**About this exercise**
The entries that follow should come back exactly, with no pictures among them.
<<<<
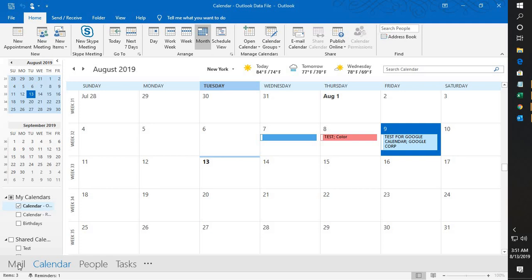Good day everyone, you're watching Radio Fixes. In this video, I'm going to talk about how to share your Outlook calendar with your Google Calendar. Let's say that you have Outlook with multiple calendars already configured, and you want to share that calendar in Google and access it on multiple devices.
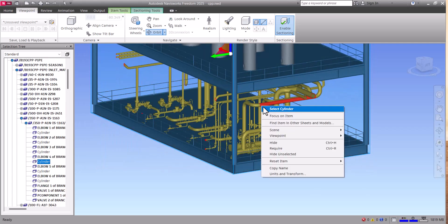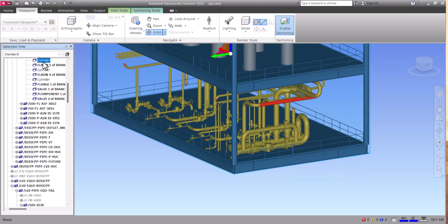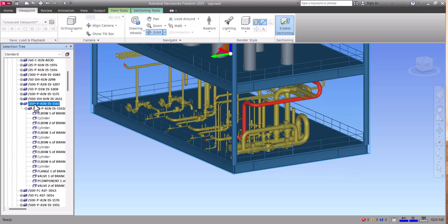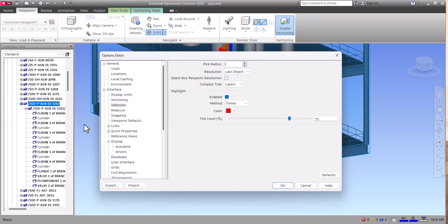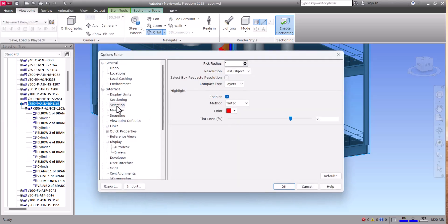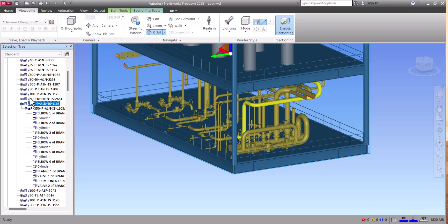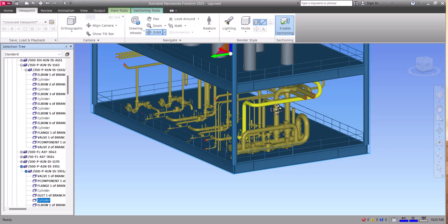If you want to change the color of your selection, go to Navisworks Freedom and click on Options, then Selection, and here you can change the color of your choice. Now if you select something it will highlight in yellow. If you have any comments on Navisworks Freedom, please comment in the comment box — I will reply. Thanks for watching.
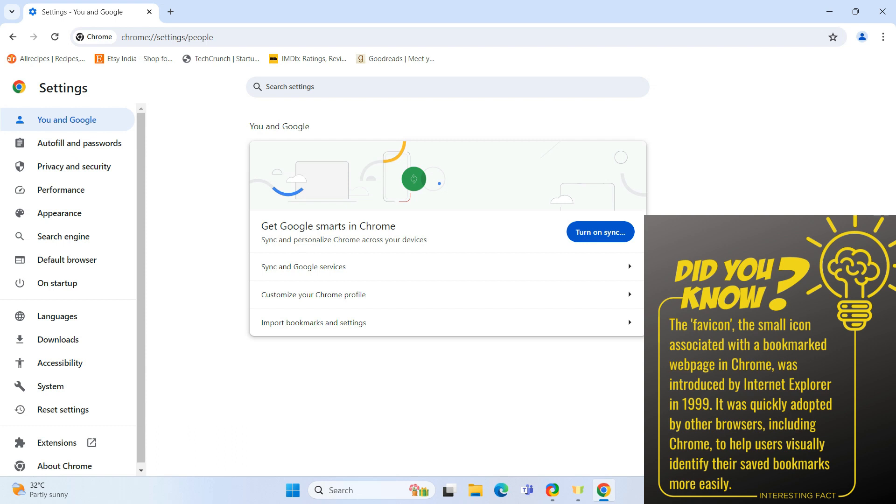And that's it. Now you know how to export and import Google Chrome bookmarks. If you found this video helpful, please hit the like button and subscribe to the channel.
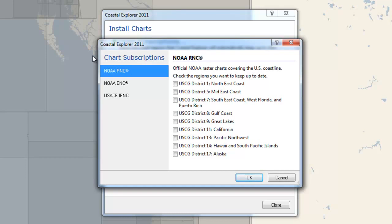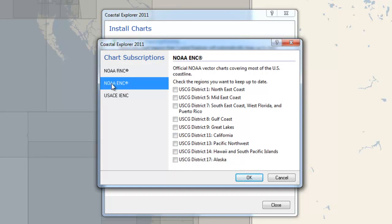Rather than loading the entire US catalog, I'm going to select only the district that I use on a regular basis. Since I live in the Pacific Northwest, I'm going to select District 13 for the raster charts. I'll click NOAA ENC and make the same selection for the vector charts, and I'll click OK.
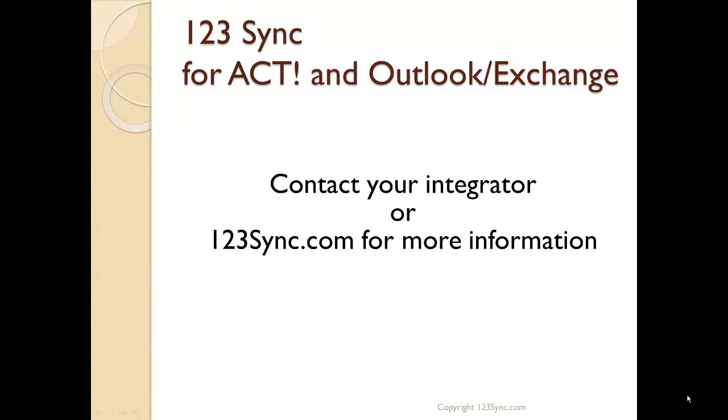This renders the end of our presentation on how to sync ACT with Office 365. For more information, please contact your integrator or contact us at 123sync.com through our website, and we'll get back to you as soon as we can. Thank you.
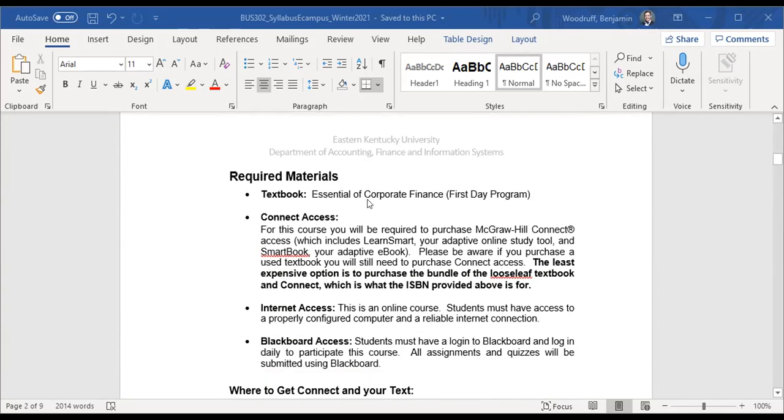There is a textbook for this course. You have an ebook version that comes with the class as part of the first day program. So as soon as you are registered for this course, you should have access to all of your materials. If you do not, be sure to let me know. But more importantly, let McGraw Hill know so that they can push it through on their side.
>>>>
**Completed exercise**
Good day everyone, you're watching Radio Fixes. In this video, I'm going to talk about how to share your Outlook calendar with your Google Calendar. Let's say that you have Outlook with multiple calendars already configured, and you want to share that calendar in Google and access it on multiple devices.
If you want to change the color of your selection, go to Navisworks Freedom and click on Options, then Selection, and here you can change the color of your choice. Now if you select something it will highlight in yellow. If you have any comments on Navisworks Freedom, please comment in the comment box — I will reply. Thanks for watching.
And that's it. Now you know how to export and import Google Chrome bookmarks. If you found this video helpful, please hit the like button and subscribe to the channel.
Rather than loading the entire US catalog, I'm going to select only the district that I use on a regular basis. Since I live in the Pacific Northwest, I'm going to select District 13 for the raster charts. I'll click NOAA ENC and make the same selection for the vector charts, and I'll click OK.
This renders the end of our presentation on how to sync ACT with Office 365. For more information, please contact your integrator or contact us at 123sync.com through our website, and we'll get back to you as soon as we can. Thank you.
There is a textbook for this course. You have an ebook version that comes with the class as part of the first day program. So as soon as you are registered for this course, you should have access to all of your materials. If you do not, be sure to let me know. But more importantly, let McGraw Hill know so that they can push it through on their side.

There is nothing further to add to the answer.